7. When engaging in regulatory dialogues with foreign authorities, agencies should seek input and participation from interested parties as appropriate, through either formal means such as Federal Register notices and requests for comments or informal means such as outreach to regulated industries, consumers, and other stakeholders. Agencies should, where consistent with their statutory authority, missions, and the public interest, consider petitions by private and public interest groups for proposed rulemakings that contemplate the reduction of differences between agency rules and the rules adopted by foreign authorities, where those differences are not justified. While international consultations of the sort described in this recommendation do not usually depart from an agency's standard practices in compliance with applicable procedural statutes, an agency engaged in such consultations should describe those consultations in its notices of proposed rulemaking, rulemaking records, and statements of basis and purpose under the Administrative Procedure Act.
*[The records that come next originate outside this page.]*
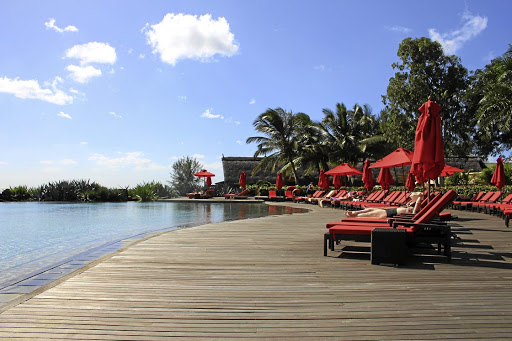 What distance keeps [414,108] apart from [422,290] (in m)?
23.1

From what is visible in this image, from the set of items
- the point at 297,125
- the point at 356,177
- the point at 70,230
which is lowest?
→ the point at 70,230

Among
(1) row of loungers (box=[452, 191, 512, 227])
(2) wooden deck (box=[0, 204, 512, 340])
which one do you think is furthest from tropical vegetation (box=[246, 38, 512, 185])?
(2) wooden deck (box=[0, 204, 512, 340])

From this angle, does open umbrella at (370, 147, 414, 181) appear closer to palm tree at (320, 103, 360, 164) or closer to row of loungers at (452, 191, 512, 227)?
row of loungers at (452, 191, 512, 227)

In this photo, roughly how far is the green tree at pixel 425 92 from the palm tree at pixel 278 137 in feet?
19.7

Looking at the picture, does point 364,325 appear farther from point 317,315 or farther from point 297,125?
point 297,125

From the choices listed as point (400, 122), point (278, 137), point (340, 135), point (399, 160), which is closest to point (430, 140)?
point (399, 160)

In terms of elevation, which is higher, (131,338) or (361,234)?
(361,234)

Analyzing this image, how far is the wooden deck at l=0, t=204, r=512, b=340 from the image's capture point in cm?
245

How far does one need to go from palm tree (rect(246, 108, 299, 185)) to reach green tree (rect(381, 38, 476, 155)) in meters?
6.00

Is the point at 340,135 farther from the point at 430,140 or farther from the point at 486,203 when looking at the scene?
the point at 430,140

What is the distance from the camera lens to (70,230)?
1010 cm

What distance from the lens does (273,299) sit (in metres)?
3.11

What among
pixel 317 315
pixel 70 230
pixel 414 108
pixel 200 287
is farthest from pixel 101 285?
pixel 414 108

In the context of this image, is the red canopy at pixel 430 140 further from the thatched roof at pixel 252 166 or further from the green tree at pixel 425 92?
the thatched roof at pixel 252 166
Where the objective of aligning American and foreign agency rules has had a significant influence on the shape of the rule, that fact also should be clearly acknowledged.
8. Agencies should promote to foreign authorities the principles that undergird the United States administrative and regulatory process, including, as appropriate:
(a) transparency, openness and public participation,
(b) evidence-based and risk-informed regulation,
(c) cost-benefit analysis,
(d) consensus-based standard setting,
(e) accountability under the law,
(f) clearly defined roles and lines of authority,
(g) fair and responsive dispute resolution procedures, and
(h) impartiality.
An agency engaging in international regulatory cooperation should also be alert to the possibility that foreign regulatory bodies may have different regulatory objectives, particularly where a government-owned or controlled enterprise is involved.
9. When engaging with foreign authorities, agencies should, as appropriate, share information and consult with other government agencies having interests that may be affected by the engagement, including but not limited to OMB’s Office of Information and Regulatory Affairs (OIRA); the Office of the United States Trade Representative (USTR); and the Departments of Commerce, State, and Defense.[2]
10. The Executive Office of the President should consider creating a high-level interagency working group of agency heads and other senior officials to provide government-wide leadership on, and to evaluate and promote, international regulatory cooperation.
[1] Throughout this recommendation, the term “foreign authorities” includes a range of foreign and international counterparts, including but not limited to foreign government agencies, regional and international bodies, and, where appropriate, standard-setting organizations.
[2] Agencies should fully comply with 22 C.F.R. § 181.4, requiring, among other things, agencies to consult with OIRA before entering into international agreements that require significant regulatory action, and 19 U.S.C. § 2541, giving USTR responsibility for establishing mutual arrangements for standards-related activities.
Recommended Citation: Admin. Conf. of the U.S., Recommendation 2011-6, International Regulatory Cooperation, 77 Fed. Reg. 2259 (Jan. 17, 2012).